Hi all and greetings from Ireland!
I have not used much unix or awk/sed in years and have forgotten a lot.
Easy enough query tho.
I am cleansing/fixing 10,000 postal addresses using global replacements.
I have 2 pipe delimited files , one is basically a spell checker for geographical areas. The second file is actual addresses.
Sample file 1 - 100+ lines (basically a spell checker):
|Irlllland|Ireland|
|Dubblin|Dublin|
|Corrk|Cork|
etc..
Sample file 2 - 10,000+ lines (Addresses to be cleansed):
|10 Main Street Irlllland|
|11 High Road Irlllland|
|1 High Road, Corrk|
The output required is :
|10 Main Street Ireland|
|11 High Road Ireland|
|1 High Road, Cork|
I am very rusty but reckon I need a loop with a global substition in it.

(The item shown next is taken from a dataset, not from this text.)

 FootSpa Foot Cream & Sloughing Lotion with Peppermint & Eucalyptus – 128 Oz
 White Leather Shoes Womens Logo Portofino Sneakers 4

I used to know unix, awk and sed reasonably well but have forgotten the basic syntax.
All helpers there?
What about this approch in sed?
- Making a pattern file.
sed -e 's!|!/!g' -e 's/^/s&/' file1 >sed_pattern_file
- Using the pattern file to do replacement in file2
sed -f sed_pattern_file file2
Output:
And the one in awk:
awk 'BEGIN{ FS="|"; i=1; while((getline < "file1") > 0) { arr=$2; arr_val[i++]=$3; } } { for (j=1;j<i;j++) { gsub(arr[j],arr_val[j],$0); } print; }' file2
Another approach with awk:
awk 'BEGIN{FS="[ |]"}
NR==FNR{a[$2]=$3;next}
$5 in a {$5=a[$5]}
{print}' file1 file2
If you get errors use nawk, gawk or /usr/xpg4/bin/awk on Solaris.

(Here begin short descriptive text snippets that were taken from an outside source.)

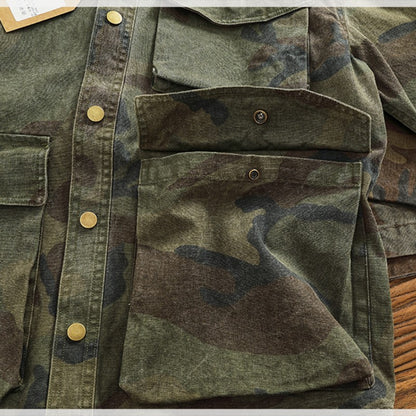 Casual cargo shirt camouflage coat fall new men's coat large pocket function stylish outdoor jacket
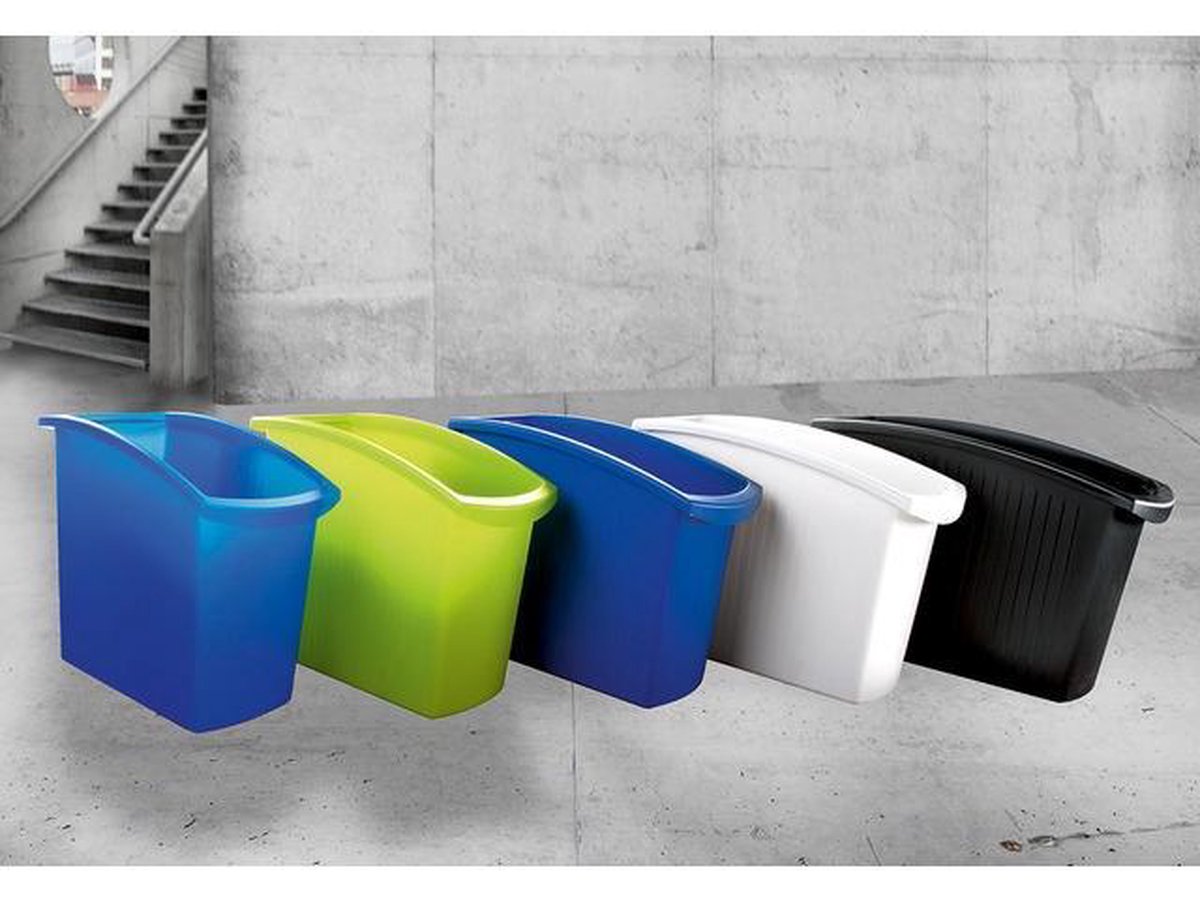 Slanke Rechthoekige Prullenbak 18 Liter Voor Onder Het Bureau Transparant Blauw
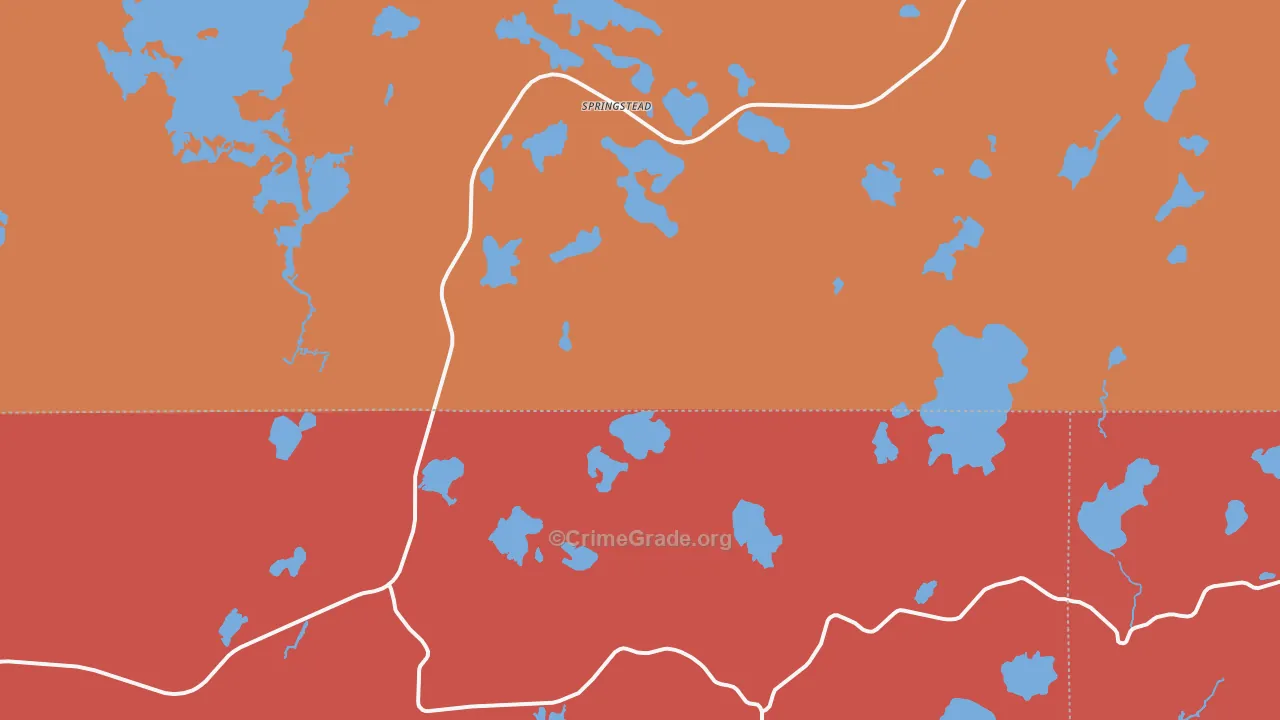 Springstead, WI Map of Burglary Rates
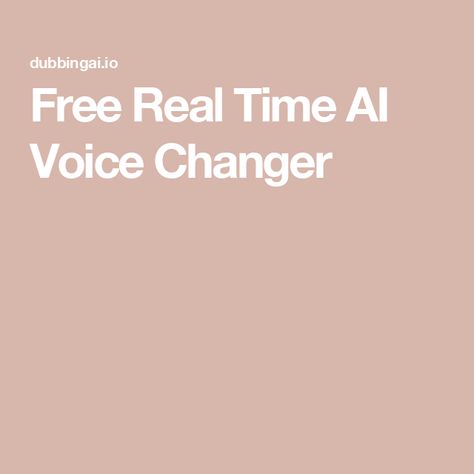 Free Real Time AI Voice Changer Virtual Friend, Voice Changer, Voice Acting, To Speak, Real Time, The Voice, Acting, Mac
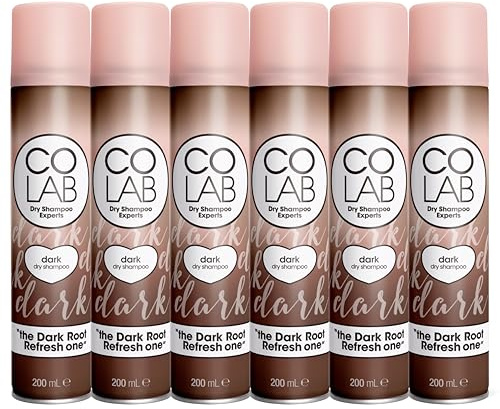 COLAB Dark Dry Shampoo, Pack of 6, 200ml, Dry Shampoo for Brunette or Dark Hair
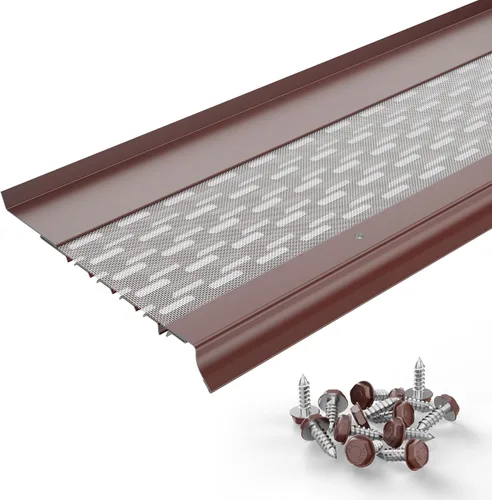 Vista 10 de Micromesh 5 pulgadas Gutter Guards Leaf Protection, 1 Pies Paquete de muestra Bronce oscuro, Malla de acero inoxidable, Cubiertas de canalón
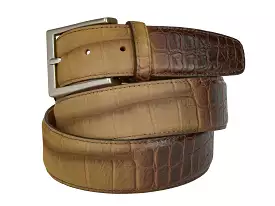 Limited Edition Calf Skin Alligator Embossed Suede Belt Tan/Brown Fade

I think I may have confused the issue for the last post. (franklin52)
The $5 was confusing me!
I deliberately spelt Ireland incorrectly to demonstrate the requirement.
Unfortunately I chose the letter "L" (in lower case) to demonstrate the mispelling. A lower case "L" looks the same as the pipe symbol.
Presumably the elegant last post should be adjusted to reflect the letter "L" issue.
Incidentally, I will study the solutions provided in more detail.
The code provided made me realise how much I used to love playing with "awk" and also how much a few lines of code can achieve.